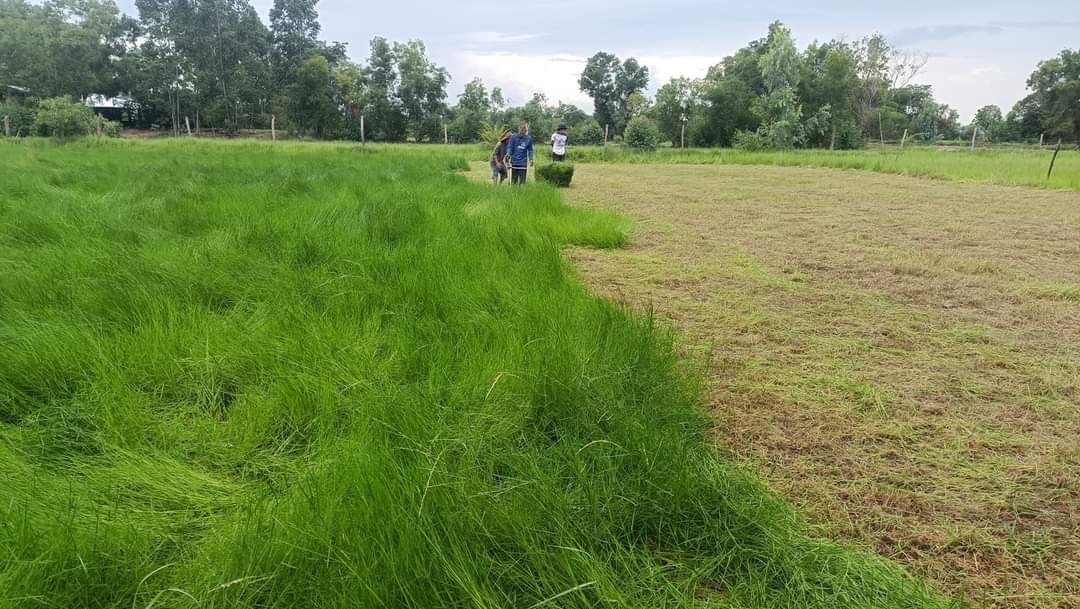 หญ้าไนล์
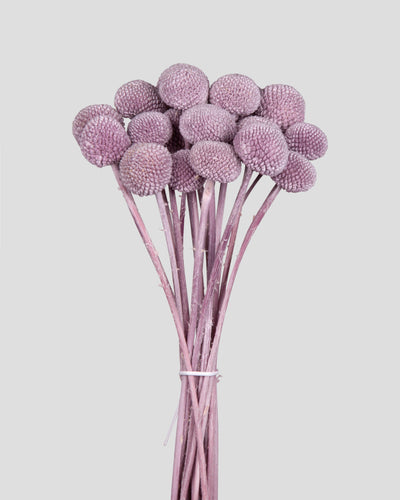 Craspedia | 20 steli - Lilac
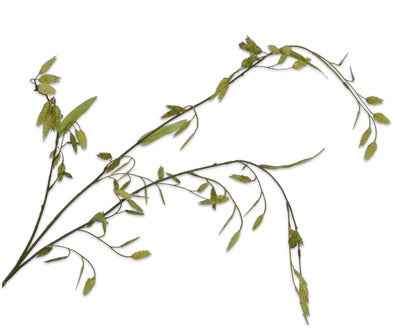 Silk ka grastak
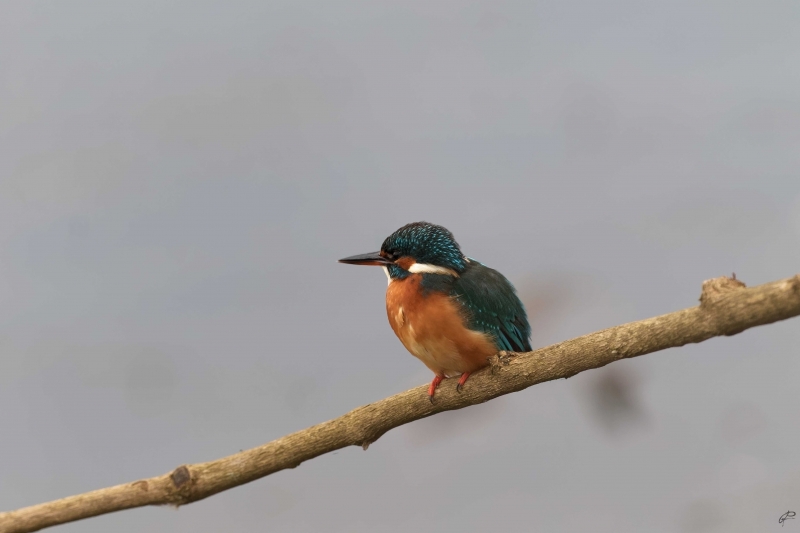 Photo Oiseaux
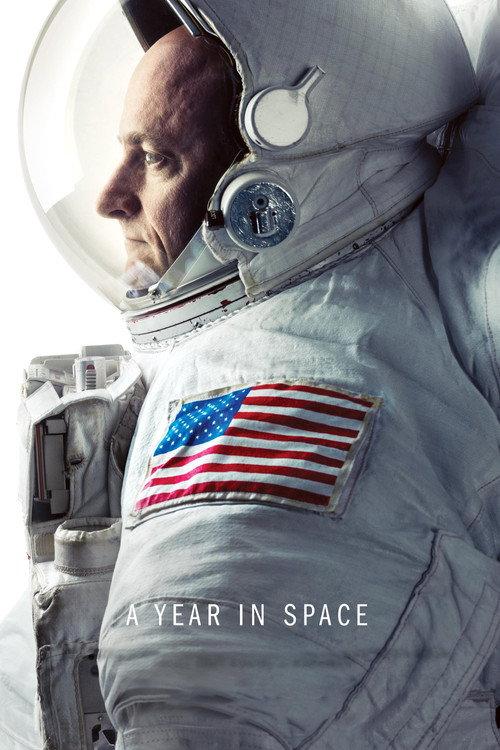 A Year in Space 2016 official movie poster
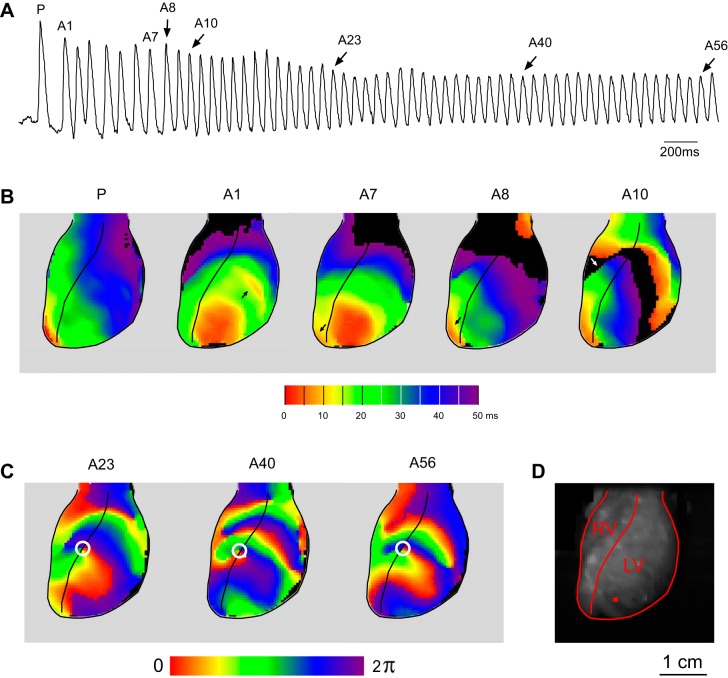 Fig. 8.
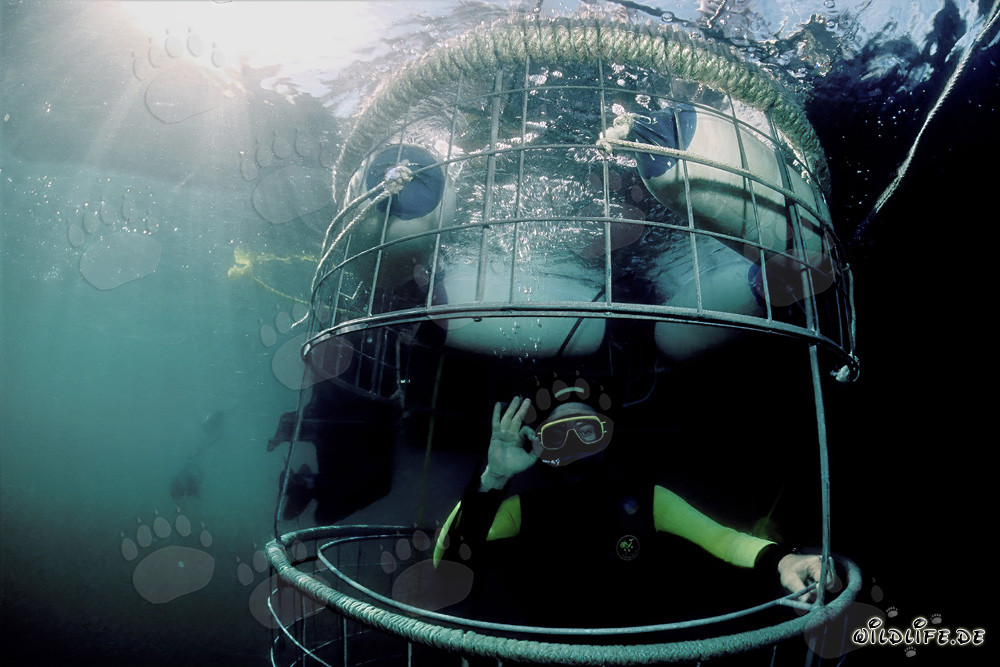 Fascinating diver in shark cage off Dyer Island, South Africa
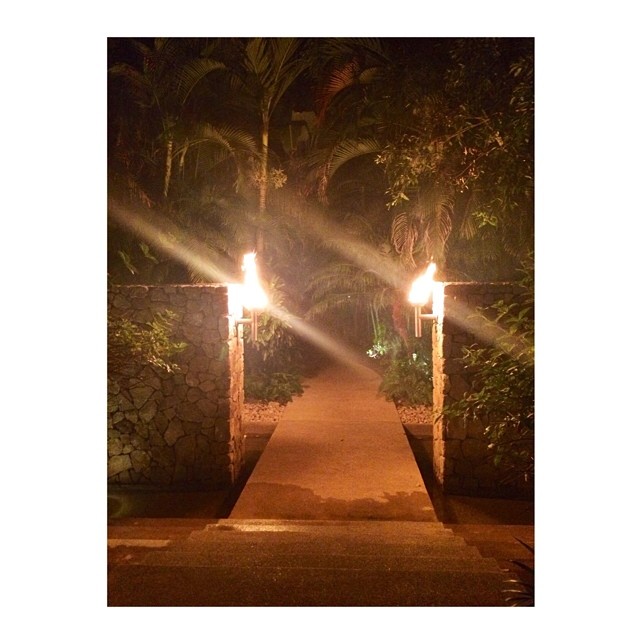 Welcome to the jungle ...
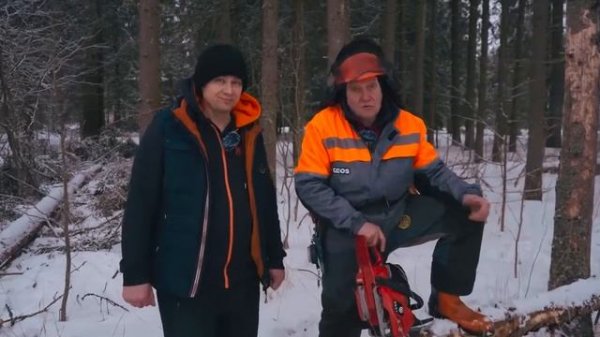 Тест профессиональной бензопилы GEOS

------

* [ASSIGNED TASK]
Please give the material above again in full, with no pictures in your version.

* [RESPONSE TO THIS EXERCISE]
 หญ้าไนล์
 Craspedia | 20 steli - Lilac
 Silk ka grastak
 Photo Oiseaux
 A Year in Space 2016 official movie poster
 Fig. 8.
 Fascinating diver in shark cage off Dyer Island, South Africa
 Welcome to the jungle ...
 Тест профессиональной бензопилы GEOS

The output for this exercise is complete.